After her three sons graduated from high school in the Grand Rapids area, Linda Morfa Limonte decided it was time for her to fulfill a longheld dream: She went back to school. Her youngest son, Alan Vellenga, was dual-enrolled in an honors math program for high school students at Grand Rapids Community College (GRCC). Morfa Limonte joined her son at GRCC.
At GRCC mother and son were an unstoppable team—enrolling in an honors program together, distributing sleeping bags and food to the unhoused population of Grand Rapids, and advocating for better mental health services for GRCC students.
Four years later, Morfa Limonte and Vellenga are both LSA students, and they’re still excelling in their diverse, ambitious academic interests and making Michigan a better place, together.
Their path to LSA was not an easy one.
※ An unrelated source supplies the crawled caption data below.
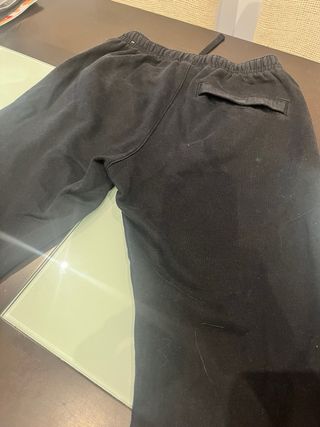 Pantalón chándal Nike Talla S Negro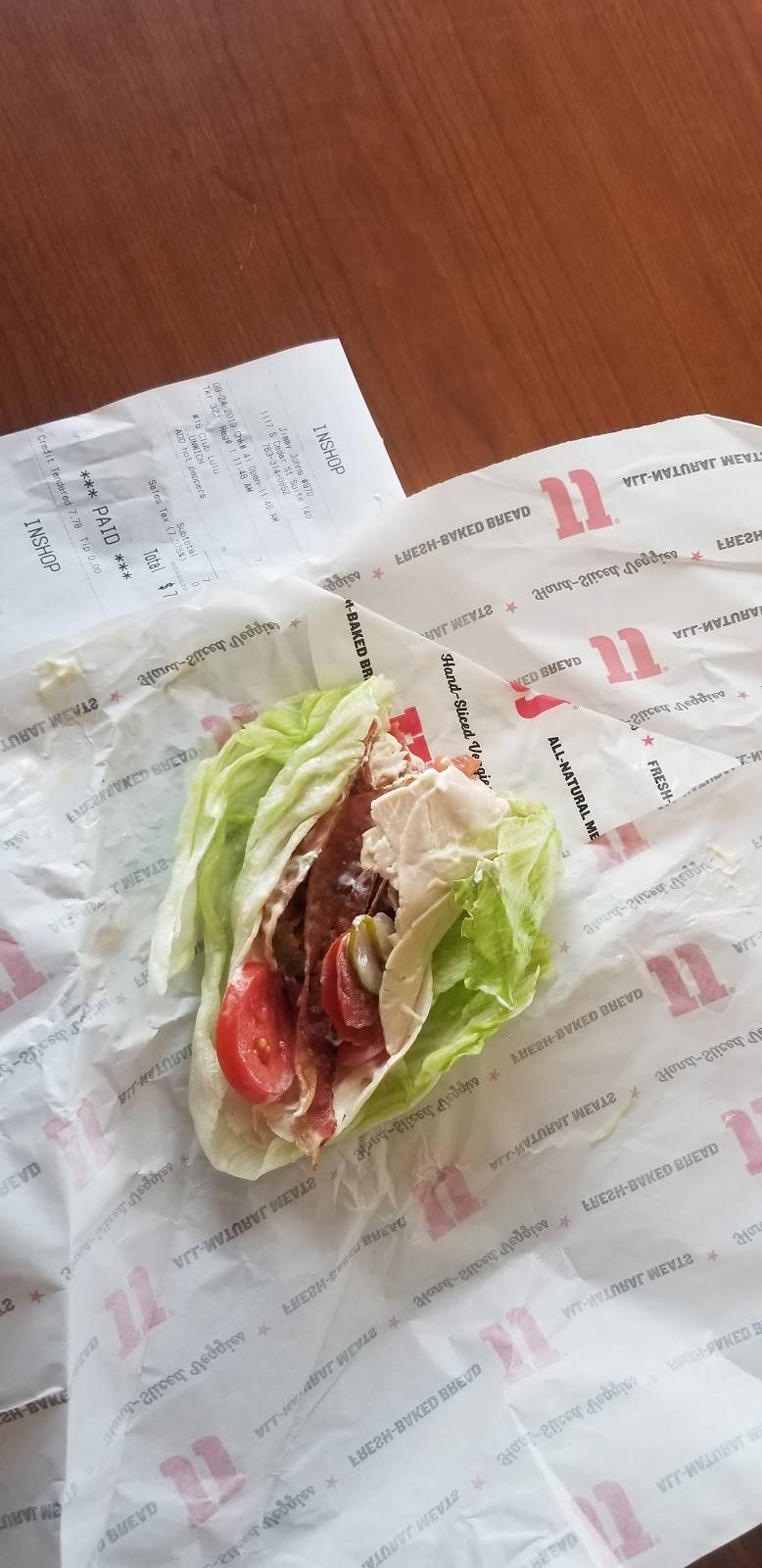 Jimmy Johns | meal delivery | 1117 S Cedar St Ste 140, Monticello, MN 55362, USA | 7633140852 OR +1 763-314-0852
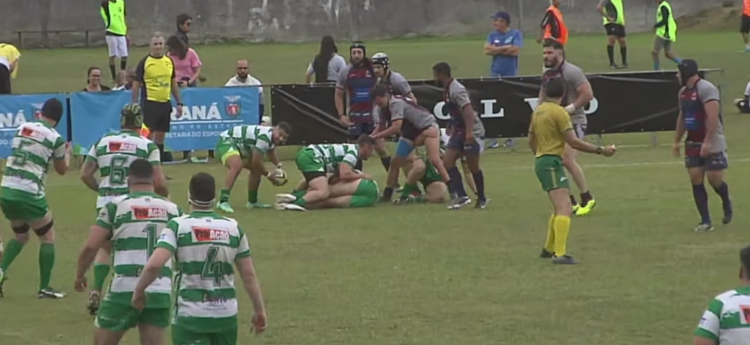 Poli e Farrapos estão na semifinal da Copa do Brasil de Rugby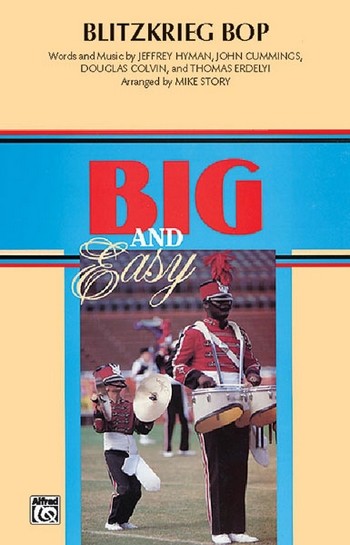 Story, Mike (arranger) Blitzkreig Bop (marching band)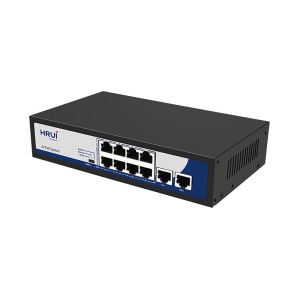 سوئیچ شبکه 8 پورت HRUI HR900-AF-82N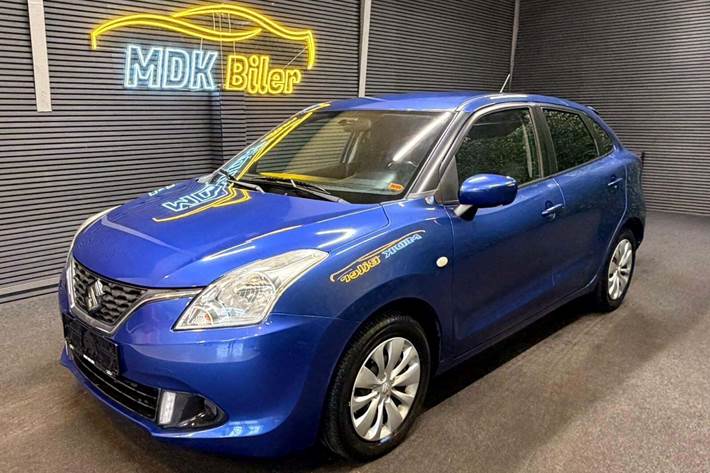 undefined Suzuki Baleno fra 2016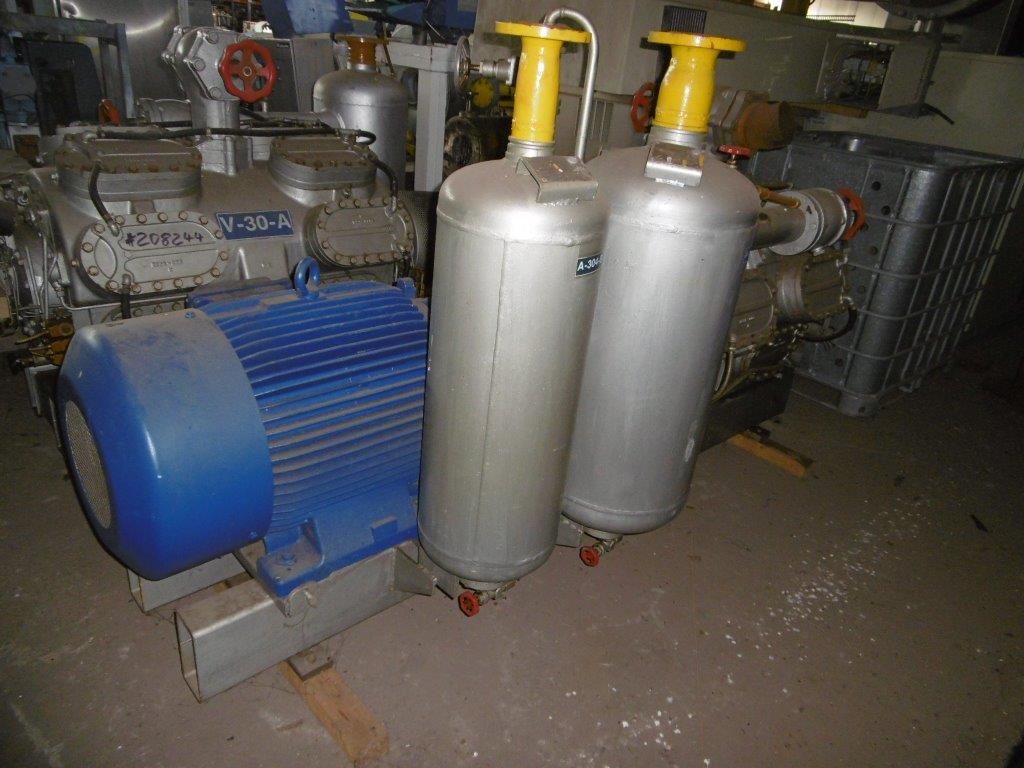   Reciprocating Compressor 671 m3/h (394.9 CFM) For Sale - IPP# 208391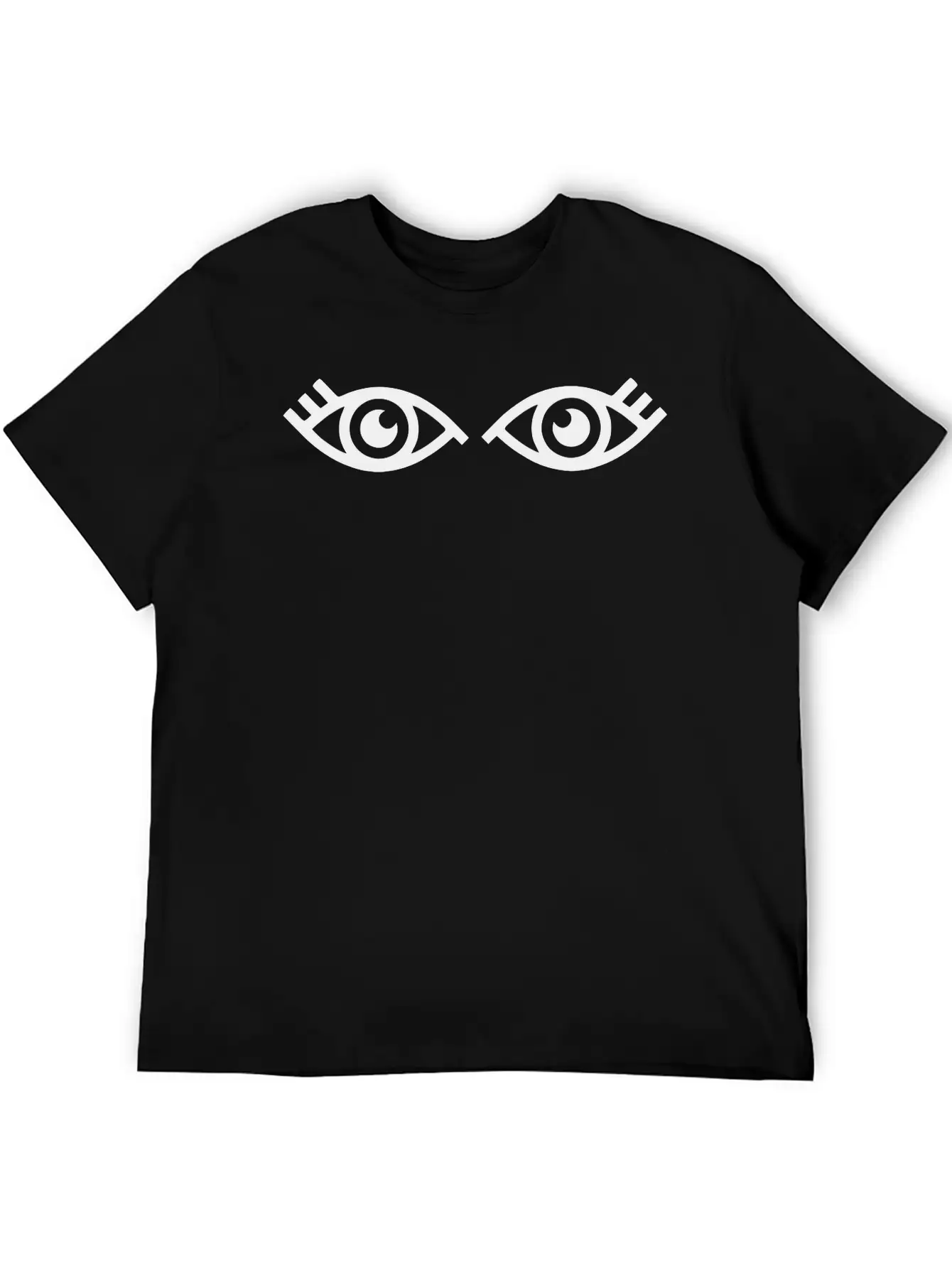 Eyes Basic Graphic T-Shirt ¨C Daily Comfort In Soft Cotton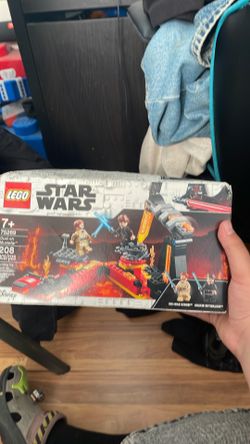 Lego star wars duel on musafar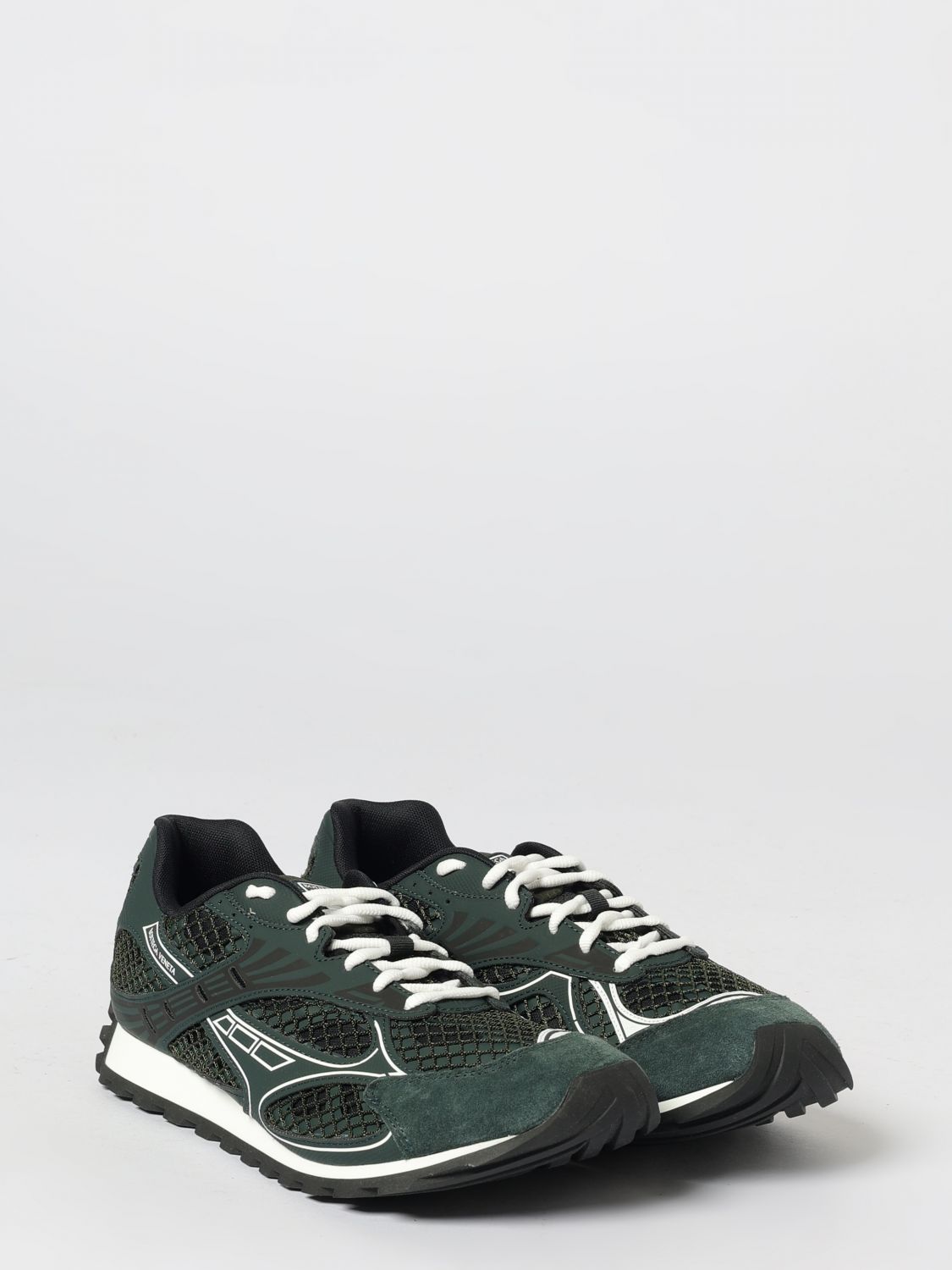 Bottega Veneta Sneakers Men Military BOTTEGA VENETA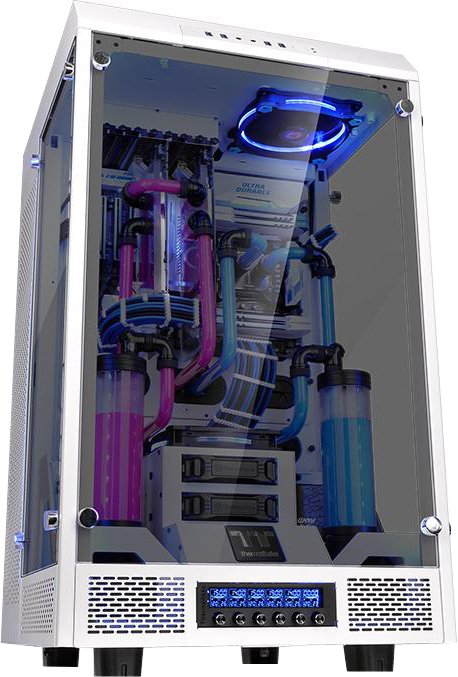 

Корпус Thermaltake The Tower 900 Snow Edition [CA-1H1-00F6WN-00]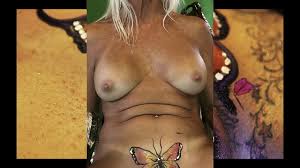 Body Paint Pussy- A Visual Treat
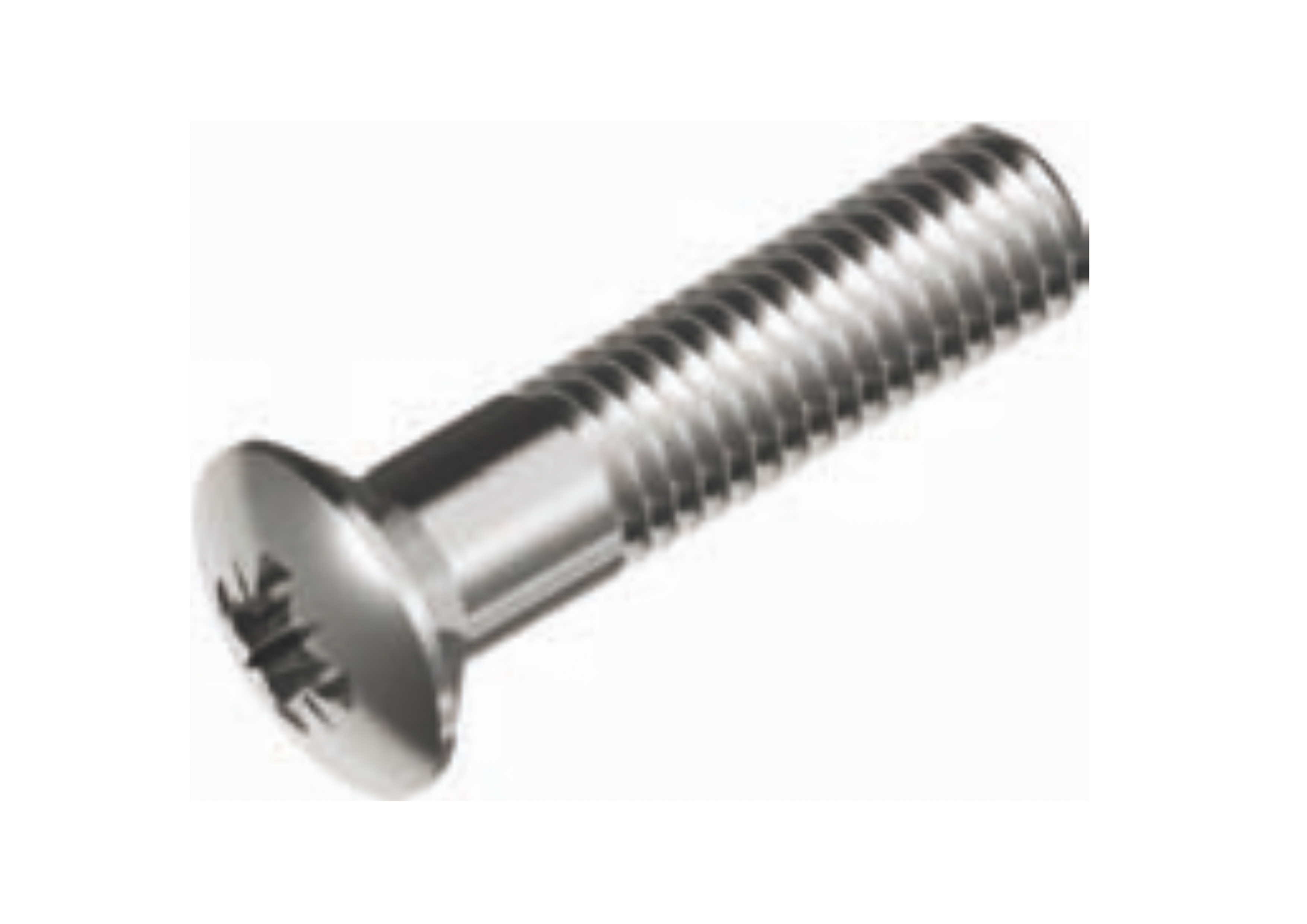 Alacer Mas, Tornillo cabeza gota sebo impronta Z DIN-966 Z ISO-7047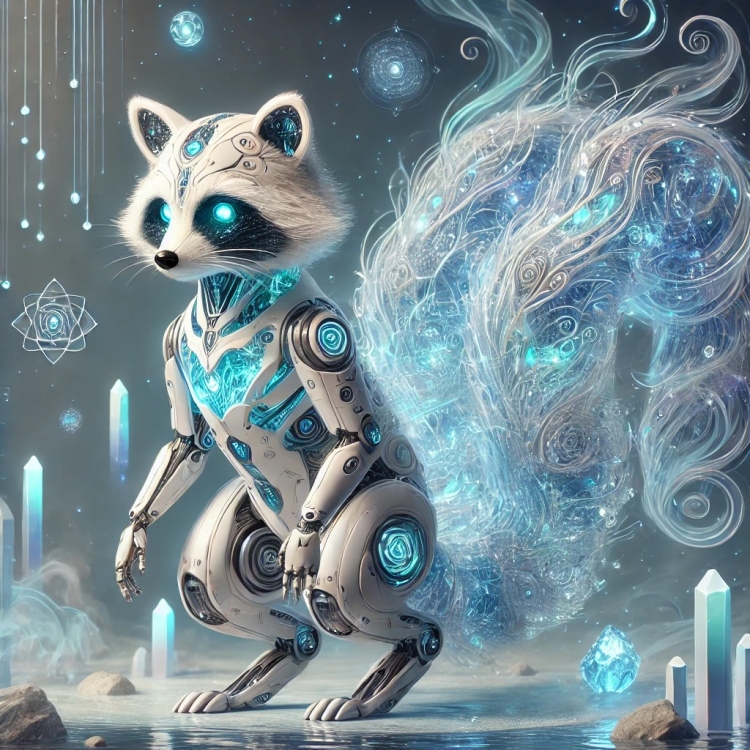 Soul Racoon Automaton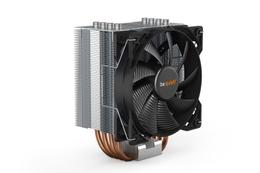 be quiet! Pure Rock 2 Silver, CPU cooler (silver, brushed aluminum finish)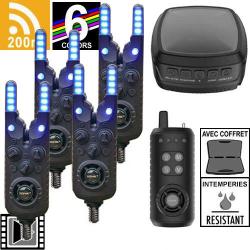 Coffret Sonik Centrale 4 Détecteurs Gizmo2 + Lampe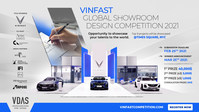 Le concours VinFast Global Showroom Design Competition acceptera les soumissions jusqu’au 25 février 2021 (PRNewsfoto/VDAS Design Association HCM, VN)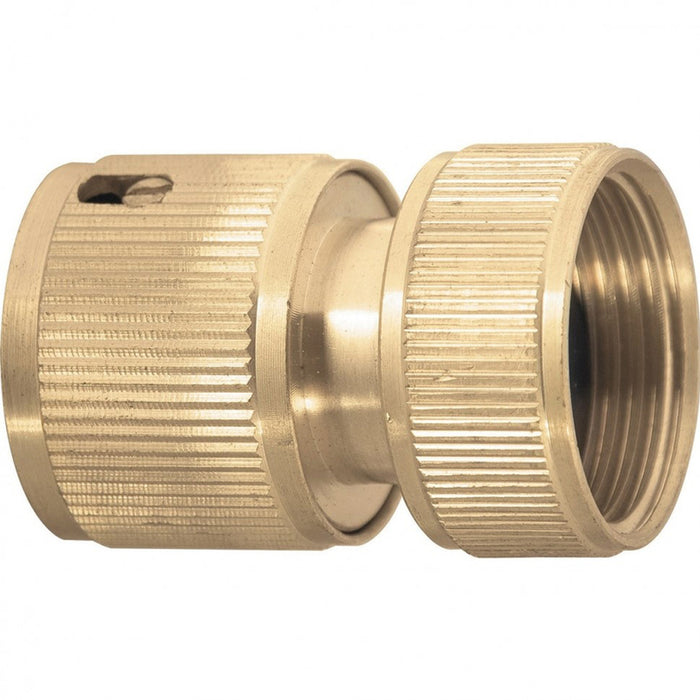 COUPLER BRASS 1/2" PALISAD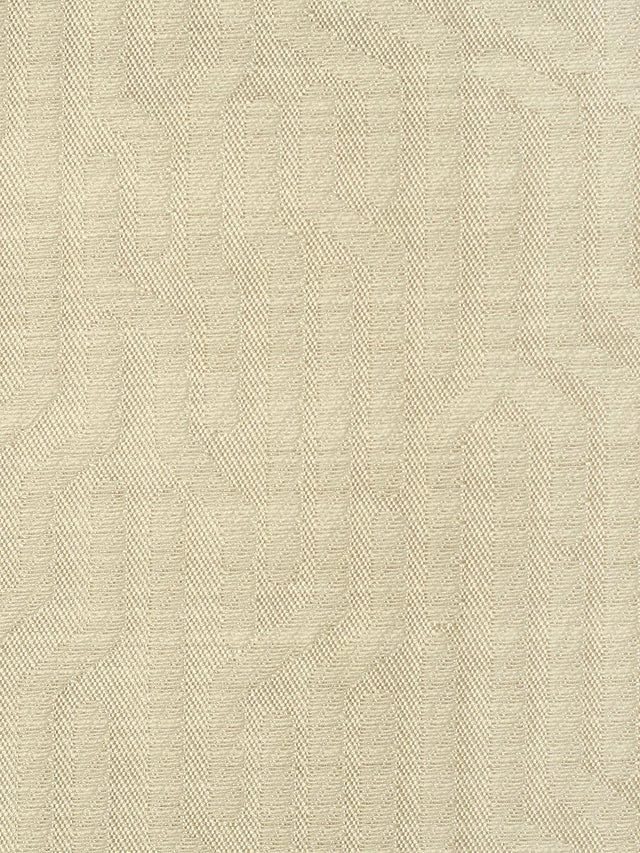 Scalamandre Tweeter White Silver Fabric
As a freshman in high school, Vellenga and his father were in a serious car accident, and his father died. After the accident, Morfa Limonte was forced to retire early to care for her children. A few years later, when she was beginning her studies at GRCC, her marriage ended. And then, after a bad fall in which she broke her wrist, Morfa Limonte started her first semester at LSA in a mobility scooter.
Transfer student Morfa Limonte and Vellenga say that the challenges they experienced before arriving at LSA motivate their academic efforts and spark their initiative to help others. At LSA they’ve found an inspiring educational home and brought that service initiative to student government, where they have created supportive communities for other nontraditional students.
Mother and son share an understated tenaciousness. They’re humble, tough, hard working, and deeply curious. Japanese martial arts, Cuban history, Italian language, particle physics, and geology are just some of the passions they are pursuing—and excelling at—in LSA. Morfa Limonte won’t boast about her accomplishments, but she heaps praise on her son’s. And though Vellenga is quieter, his shy smile reveals that he is as proud of his mother as she is of him. The mother-son team remains unstoppable.
Bamboo Swords and Mountain Geology
Vellenga arrived at LSA first, in 2022. U-M had landed on his radar while he was still in high school and researching college-level Japanese language programs. He discovered the Residential College’s intensive Japanese program and made it his goal to attend one day.
During the summer of 2024, after building his skills in the RC’s intensive Japanese program, Vellenga studied in Hokkaido, Japan, with the Hokkaido International Foundation and did home stays with two different families, immersing himself in the language and culture. He practiced Kendo martial arts with one of his hosts, an elderly woman who did not go easy on him with her bamboo sword.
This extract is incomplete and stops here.